In United States v. Funds in Amount of One Hundred Thousand and Twenty Dollars, the Seventh Circuit held that the claimants' affidavit was sufficient to overcome summary judgment on the forfeitability issue. It explained that the "affidavit testimony is sufficient to create a dispute of material fact.... If believed, [the] affidavit testimony provides the trier of fact with a basis for finding that [claimant] legally accrued (or, at least, could have legally accrued) the Funds.... Perhaps the government's evidence... seemed weightier than [the] affidavit testimony. But, as stated above, such determinations are properly left to the trier of fact." 730 F.3d 711, 718-19 (7th Cir. 2013); see id. at 717 ("To reject testimony because it is unsubstantiated and self-serving is to weigh the strength of the evidence or make credibility determinations-tasks belonging to the trier of fact."); Payne v. Pauley, 337 F.3d 767, 771 (7th Cir. 2003) ("We have routinely found that a nonmoving party's own affidavit can constitute affirmative evidence to defeat a summary judgment motion.").

The court concludes that there is a dispute of material fact about whether the claimants legitimately acquired the funds. That dispute precludes summary judgment in the government's favor on the issue of forfeitability.

IV. RULE TO SHOW CAUSE

Although the court holds that the claimants have established standing, the court has serious doubts that claimants will be able to demonstrate their ownership interest in the funds at trial or in a summary judgment proceeding on the question of ownership. The Seventh Circuit generally allows a "self-serving" affidavit to create questions of fact to overcome summary judgment, but that rule has a significant exception. In $100, 120, the Seventh Circuit warned: "[W]e do not allow litigants to manufacture material fact questions by affidavit testimony that contradicts prior sworn testimony." 730 F.3d at 718.

Here, Claimants do not contest that they previously disclaimed ownership of the funds. In sworn depositions, both claimants agreed that their previous disclaimers of the funds were truthful. The only countervailing evidence claimants cite is their claim itself. Claimants cannot rely solely on their affidavits to establish their ownership interest in the funds, as those affidavits were contradicted by their prior sworn testimony.

Although the government cannot prevail on their motion for summary judgment based on standing, the court finds it unlikely that the claimants have sufficient evidentiary support to overcome summary judgment on the merits of their claim of ownership.

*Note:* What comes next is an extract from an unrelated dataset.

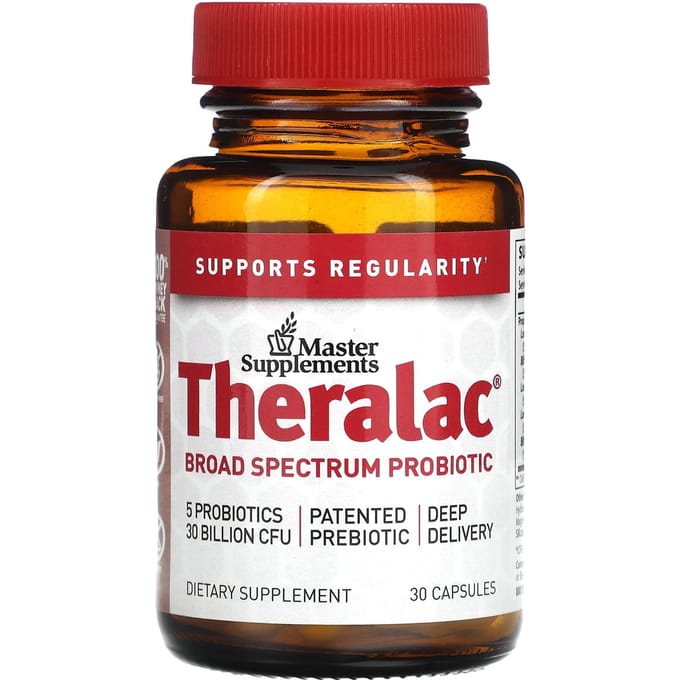 Master Supplements, Theralac, probiotique à large spectre, 30 capsules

The court orders the claimants to show cause why the court should not grant summary judgment in favor of the government for lack of evidentiary support for their ownership claim. See Acequia, Inc. v. Prudential Ins. Co. of Am., 226 F.3d 798, 807 (7th Cir. 2000) ("A district court is permitted to enter summary judgment sua sponte if the losing party has proper notice that the court is considering granting summary judgment and the losing party has a fair opportunity to present evidence in opposition."); Celotex Corp. v. Catrett, 477 U.S. 317, 326 (1986) ("[D]istrict courts are widely acknowledged to possess the power to enter summary judgments sua sponte, so long as the losing party was on notice that she had to come forward with all of her evidence.").

V. CONCLUSION

For the reasons stated above, the government's motion for summary judgment is denied. Claimants are ordered to show cause within 21 days why the court should not grant summary judgment in favor of the government on the merits of their ownership claim.